Who will win the ACC Atlantic Division?
A procedural penalty cost N.C. State a chance to beat Clemson in 2017 and with it a chance to win the ACC title.
With a veteran group in 2018, hardened by the Clemson loss and other mental errors, the Wolfpack reduced its penalties by 23 percent last season.
That was by design, coach Dave Doeren said.
“I think the first thing for N.C. State to be a good N.C. State is to not beat N.C. State,” Doeren said. “That’s something I really, really believe in.”
N.C. State’s penalty numbers were down to a six-year low under Doeren in 2018. The Wolfpack was flagged 60 times for 581 yards. In both 2016 and ‘17, N.C. State had 78 penalties.
Notably, an illegal shift penalty on a fourth-down conversion cost the Wolfpack at the end of a 38-31 home loss to Clemson in Nov. 2017. Doeren has emphasized reducing those type of pre-snap procedural penalties.
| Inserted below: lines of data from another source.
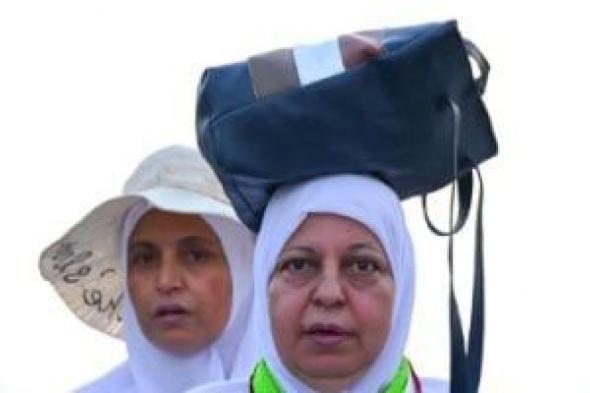 حجاج بيت الله الحرام يصعدون جبل عرفات.. فيديو وصور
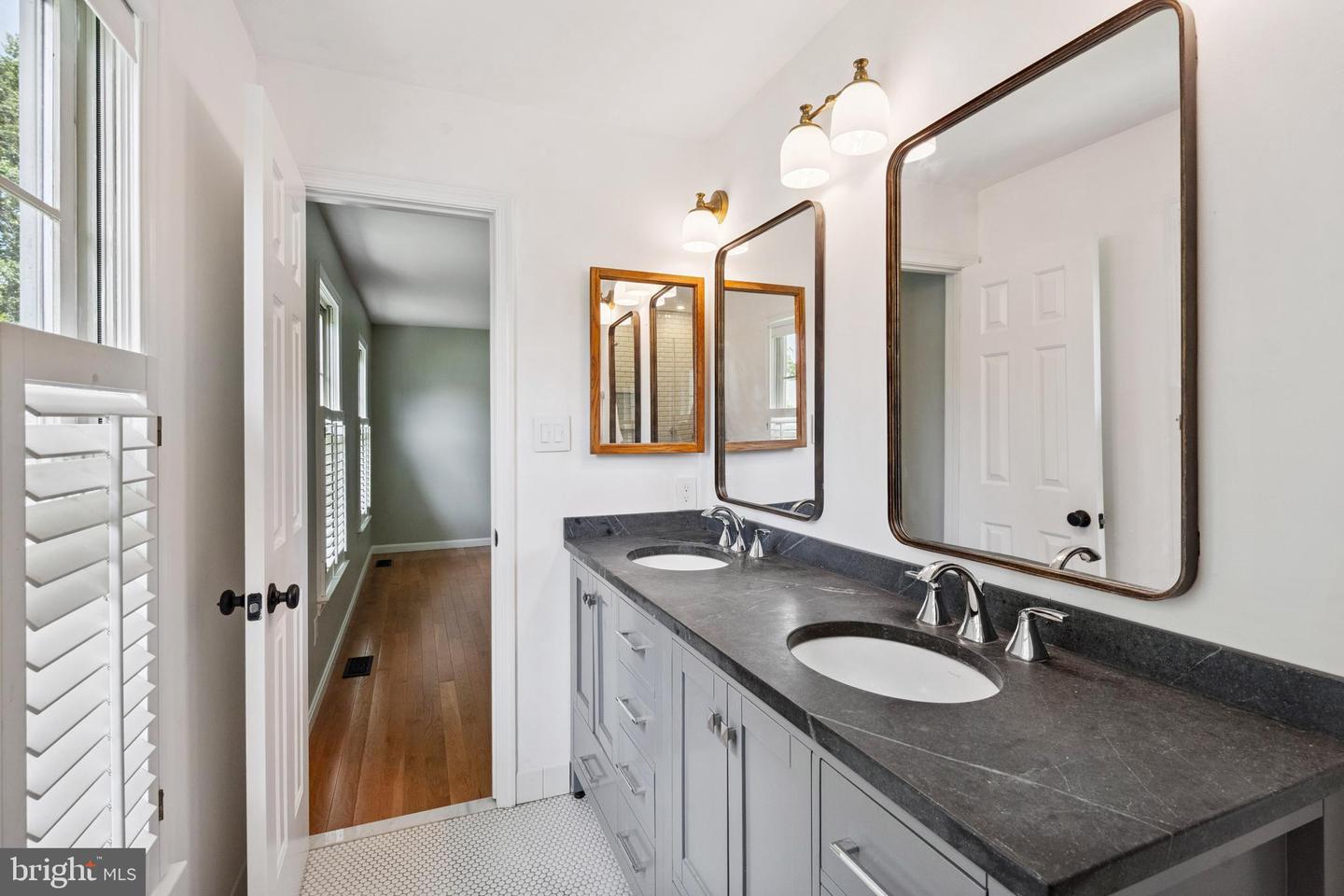 3523 MAJESTIC PINE LN, FAIRFAX, Virginia 22033, 4 Bedrooms Bedrooms, ,3 BathroomsBathrooms,Residential,For sale,3523 MAJESTIC PINE LN,VAFX2249348 MLS # VAFX2249348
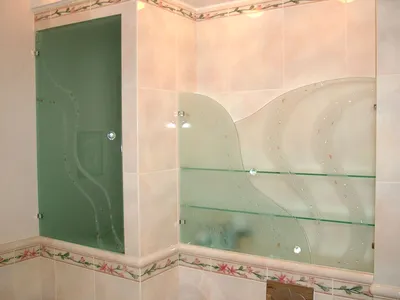 4K фотография стеклянных полочек в ванной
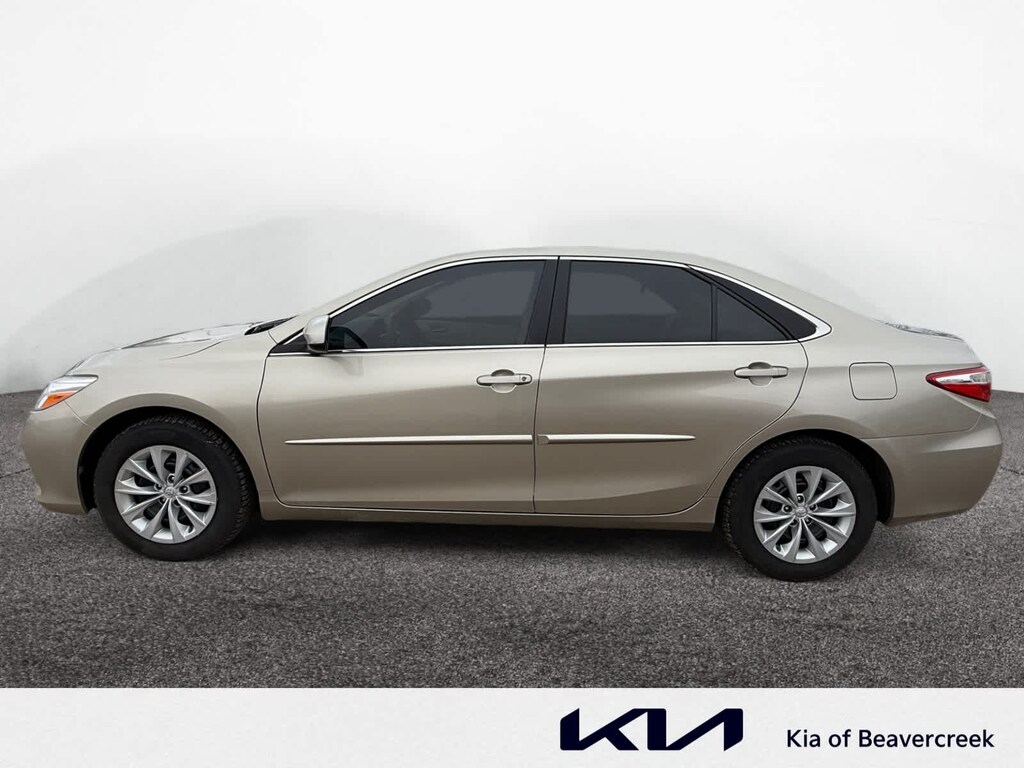 Used 2017 Toyota Camry LE Auto (Natl)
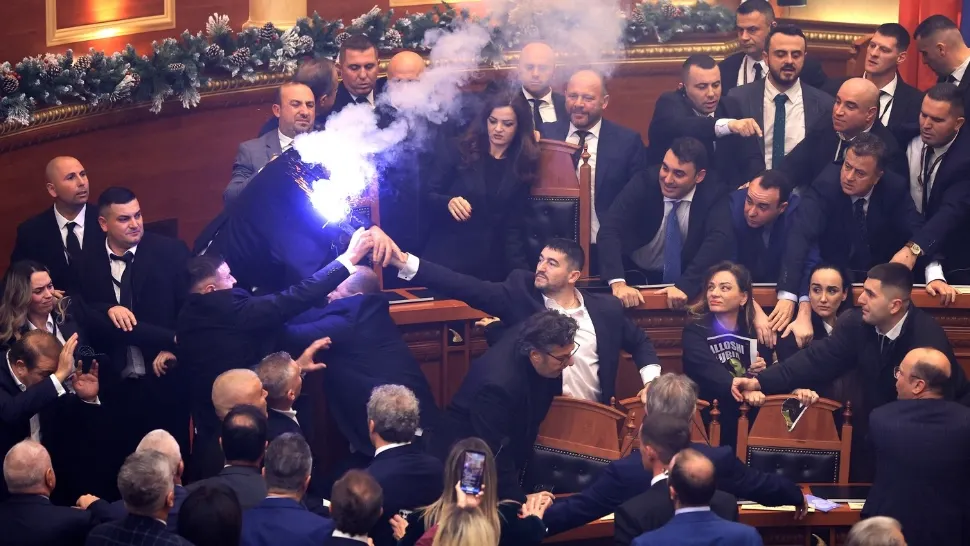 Pumni și torțe în Parlamentul Albaniei. Foto: Profimedia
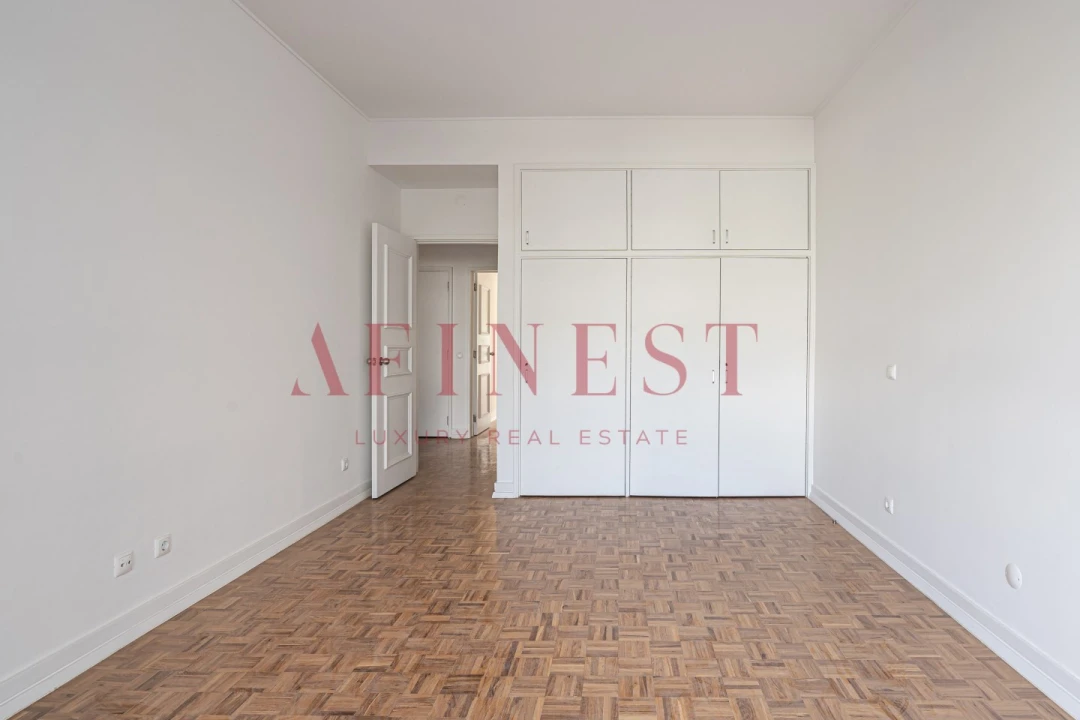 Apartamento T4 para Arrendamento em Santo António Foto 28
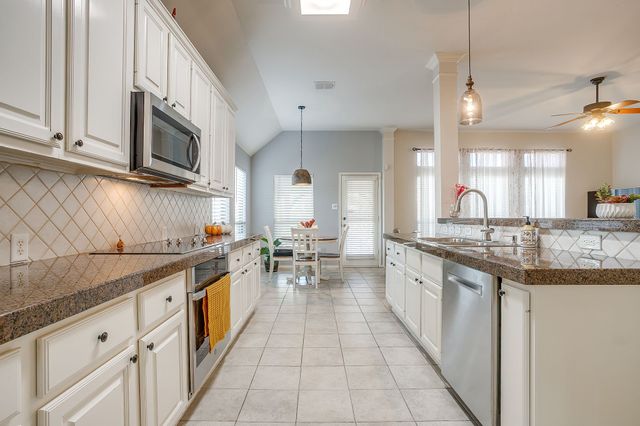 6425 Greenbriar Lane, Fort Worth, TX 76132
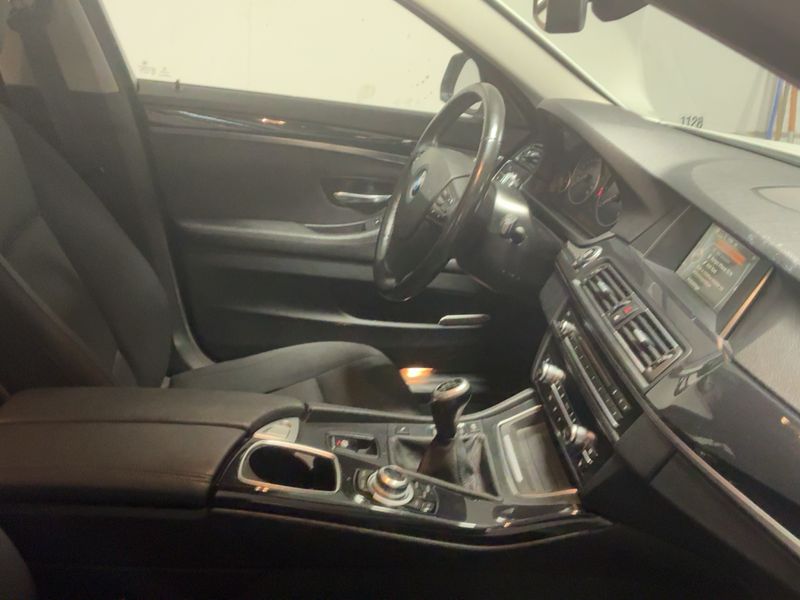 BMW 5er 520d 2015 – снимка 11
“There’s going to be combat penalties where you’re straining and you hold a guy and they call it,” Doeren said. “That’s going to happen in football. The ones you can’t have are the pre-snap mental things, the post-snap emotional things.”
A third of N.C. State’s penalties in 2018 were procedural penalties. The offense was flagged 16 times for a false start and twice for a delay of game. Officially, the offense ran 979 plays in 13 games last season. That’s a ratio Doeren can handle.
Thirteen of the Wolfpack’s 60 penalties would fall under the “post-snap emotional things” with the defense accounting for all but one of unsportsmanlike conduct or personal foul penalties. N.C. State finished No. 19 in the country in fewest penalties per game (4.6).
“I think that’s a sign of discipline,” Doeren said. “When people watch our football team, I want them to say that: this is a disciplined team that’s not going to beat themselves.”
With a sixth-year All-ACC quarterback and a fifth-year All-American center, that was easier to do last season. N.C. State had seven games last season with fewer than five penalties. It went 6-1 in those games.
With a new quarterback, new center and two other starters on the offensive line, picking up where the last group left off might be difficult for the Wolfpack this season.
“We did not do well in that area in our scrimmage, I’ll tell you that,” Doeren said. “We had way too many.”
Doeren, who is a fan of the Kansas City Chiefs, said he showed his players the clip of a key offsides penalty on the Chiefs from their loss to the New England Patriots in the AFC championship game.
“We show those kinds of plays to our players and just how important everything is in the game,” Doeren said. “How one little thing can cost you so much and just not beating us.”